▸ **Your objective**: From the first line of the material below to the line containing "cartoon waving vampire", repeat every line exactly and add nothing.

▸ **Data records**:
----------------------------------------
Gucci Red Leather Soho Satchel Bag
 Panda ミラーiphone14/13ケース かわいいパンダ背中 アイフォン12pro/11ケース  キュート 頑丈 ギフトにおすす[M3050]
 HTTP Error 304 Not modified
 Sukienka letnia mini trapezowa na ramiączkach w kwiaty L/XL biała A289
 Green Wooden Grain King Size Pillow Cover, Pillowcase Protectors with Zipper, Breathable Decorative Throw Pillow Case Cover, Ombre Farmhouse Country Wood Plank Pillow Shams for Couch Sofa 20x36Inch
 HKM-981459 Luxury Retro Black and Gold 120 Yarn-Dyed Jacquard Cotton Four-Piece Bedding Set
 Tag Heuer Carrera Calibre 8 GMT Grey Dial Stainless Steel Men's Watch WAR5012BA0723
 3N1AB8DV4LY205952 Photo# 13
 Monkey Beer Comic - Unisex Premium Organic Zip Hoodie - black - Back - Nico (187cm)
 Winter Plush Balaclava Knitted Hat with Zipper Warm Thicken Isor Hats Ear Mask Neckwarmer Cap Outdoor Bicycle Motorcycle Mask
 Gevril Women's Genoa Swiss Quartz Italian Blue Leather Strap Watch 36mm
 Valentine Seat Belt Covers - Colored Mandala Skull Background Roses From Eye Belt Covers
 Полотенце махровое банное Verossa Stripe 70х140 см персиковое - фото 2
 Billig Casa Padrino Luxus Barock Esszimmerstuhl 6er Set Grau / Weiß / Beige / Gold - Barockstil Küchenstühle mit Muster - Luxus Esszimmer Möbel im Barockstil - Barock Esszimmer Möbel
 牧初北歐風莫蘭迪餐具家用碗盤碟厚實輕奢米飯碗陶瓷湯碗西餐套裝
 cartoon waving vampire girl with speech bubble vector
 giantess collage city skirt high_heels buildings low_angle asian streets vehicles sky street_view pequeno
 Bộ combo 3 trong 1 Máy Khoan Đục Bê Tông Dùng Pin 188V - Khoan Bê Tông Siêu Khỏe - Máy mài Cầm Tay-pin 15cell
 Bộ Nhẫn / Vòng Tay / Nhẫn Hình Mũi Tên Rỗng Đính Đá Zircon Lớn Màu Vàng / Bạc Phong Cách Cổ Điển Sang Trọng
----------------------------------------
▸ **Exercise response**:
Gucci Red Leather Soho Satchel Bag
 Panda ミラーiphone14/13ケース かわいいパンダ背中 アイフォン12pro/11ケース  キュート 頑丈 ギフトにおすす[M3050]
 HTTP Error 304 Not modified
 Sukienka letnia mini trapezowa na ramiączkach w kwiaty L/XL biała A289
 Green Wooden Grain King Size Pillow Cover, Pillowcase Protectors with Zipper, Breathable Decorative Throw Pillow Case Cover, Ombre Farmhouse Country Wood Plank Pillow Shams for Couch Sofa 20x36Inch
 HKM-981459 Luxury Retro Black and Gold 120 Yarn-Dyed Jacquard Cotton Four-Piece Bedding Set
 Tag Heuer Carrera Calibre 8 GMT Grey Dial Stainless Steel Men's Watch WAR5012BA0723
 3N1AB8DV4LY205952 Photo# 13
 Monkey Beer Comic - Unisex Premium Organic Zip Hoodie - black - Back - Nico (187cm)
 Winter Plush Balaclava Knitted Hat with Zipper Warm Thicken Isor Hats Ear Mask Neckwarmer Cap Outdoor Bicycle Motorcycle Mask
 Gevril Women's Genoa Swiss Quartz Italian Blue Leather Strap Watch 36mm
 Valentine Seat Belt Covers - Colored Mandala Skull Background Roses From Eye Belt Covers
 Полотенце махровое банное Verossa Stripe 70х140 см персиковое - фото 2
 Billig Casa Padrino Luxus Barock Esszimmerstuhl 6er Set Grau / Weiß / Beige / Gold - Barockstil Küchenstühle mit Muster - Luxus Esszimmer Möbel im Barockstil - Barock Esszimmer Möbel
 牧初北歐風莫蘭迪餐具家用碗盤碟厚實輕奢米飯碗陶瓷湯碗西餐套裝
 cartoon waving vampire girl with speech bubble vector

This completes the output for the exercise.